-- WHAT YOU NEED TO DO --
The line containing "Vintage Dragon Kosmo" marks the start. Restate it and every following line through the end of the records exactly, and nothing else, leaving out the pictures.

----------------

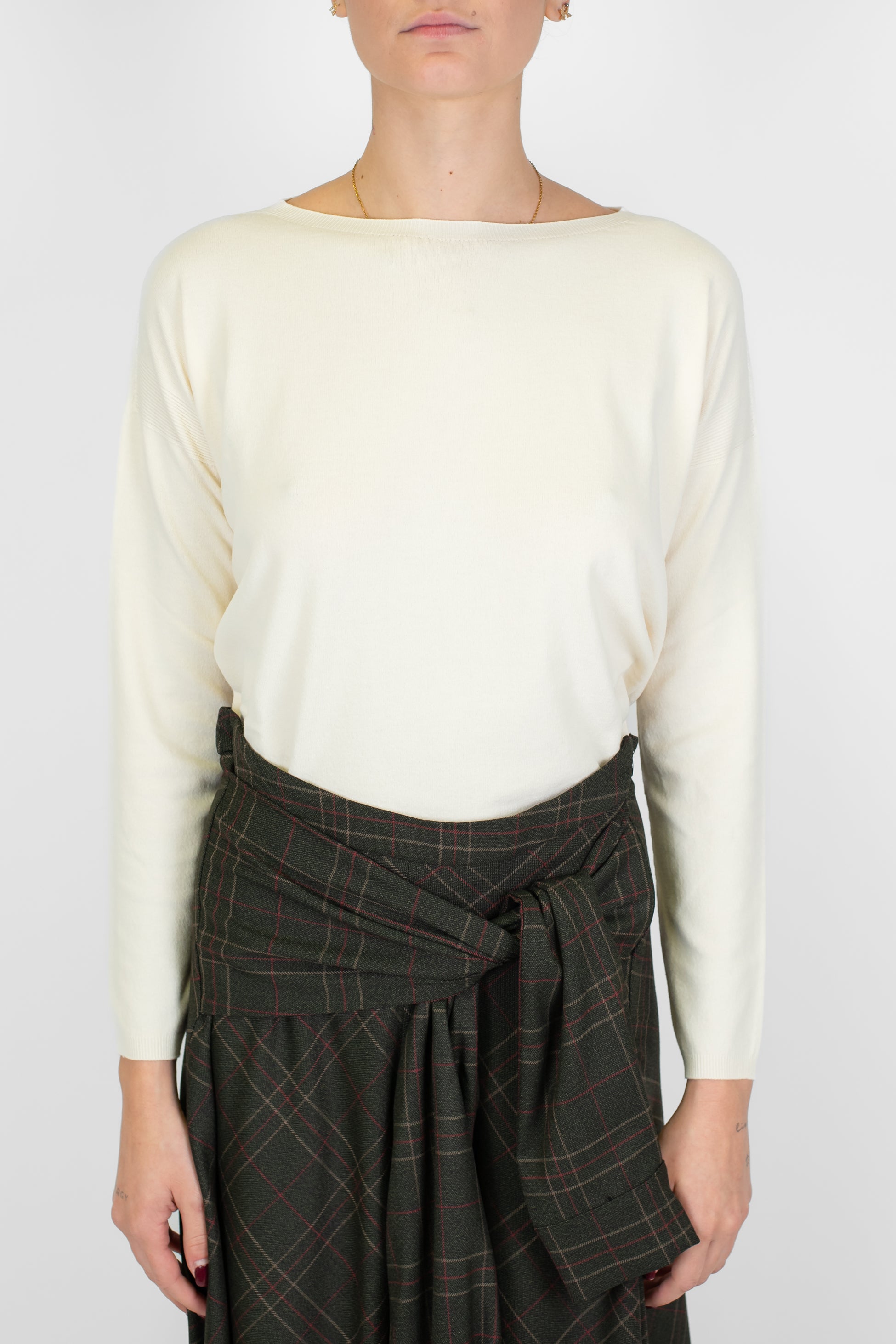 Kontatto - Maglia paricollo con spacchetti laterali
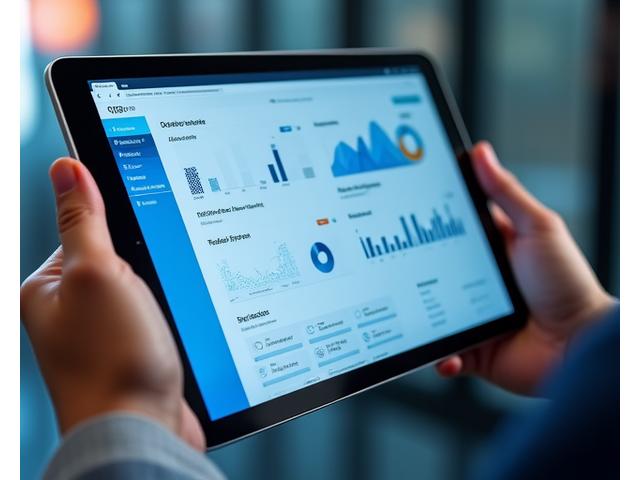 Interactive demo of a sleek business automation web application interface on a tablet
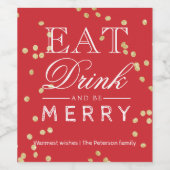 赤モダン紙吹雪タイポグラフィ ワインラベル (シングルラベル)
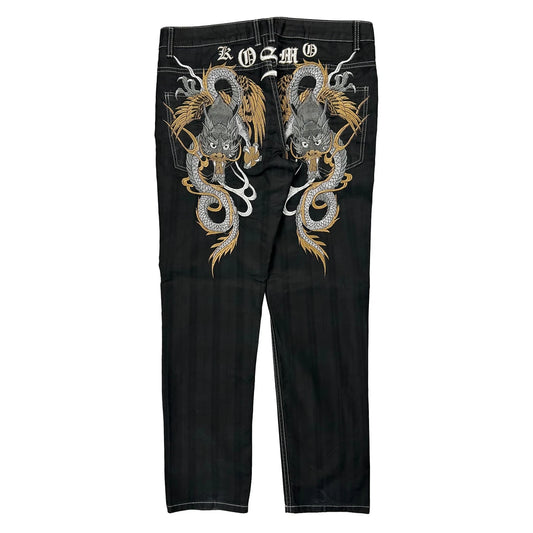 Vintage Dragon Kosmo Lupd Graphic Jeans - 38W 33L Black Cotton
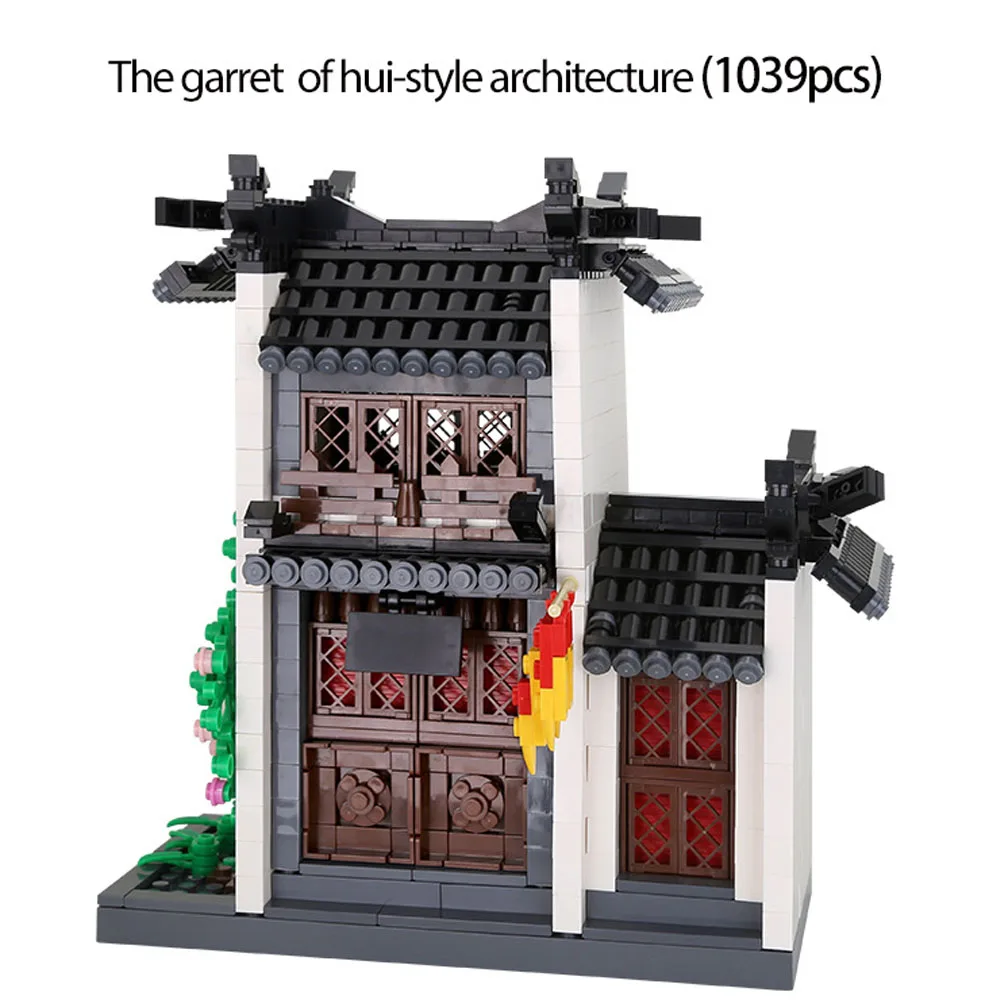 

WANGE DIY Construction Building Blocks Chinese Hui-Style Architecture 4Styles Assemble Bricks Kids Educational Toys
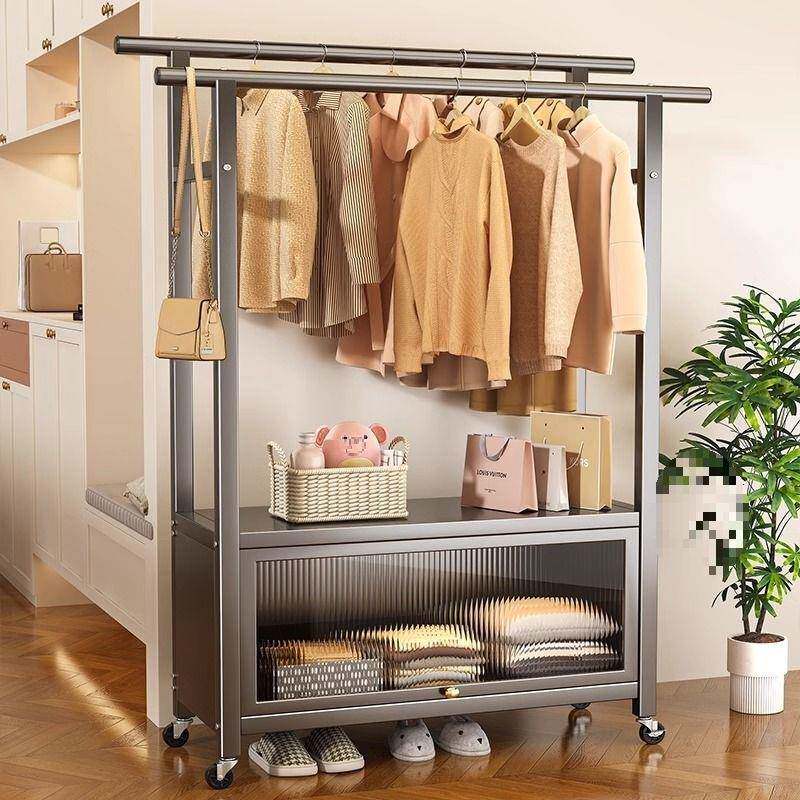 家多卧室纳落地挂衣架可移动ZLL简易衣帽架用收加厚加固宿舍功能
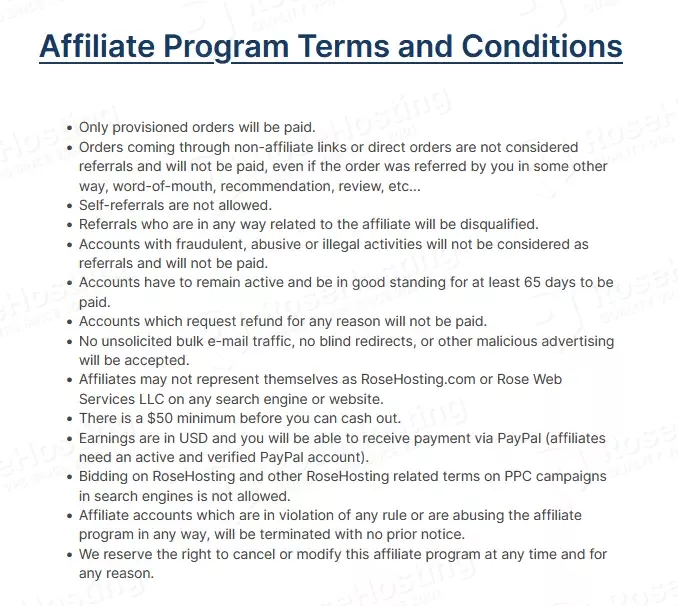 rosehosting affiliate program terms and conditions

----------------

-- SOLUTION --
 Vintage Dragon Kosmo Lupd Graphic Jeans - 38W 33L Black Cotton

WANGE DIY Construction Building Blocks Chinese Hui-Style Architecture 4Styles Assemble Bricks Kids Educational Toys
 家多卧室纳落地挂衣架可移动ZLL简易衣帽架用收加厚加固宿舍功能
 rosehosting affiliate program terms and conditions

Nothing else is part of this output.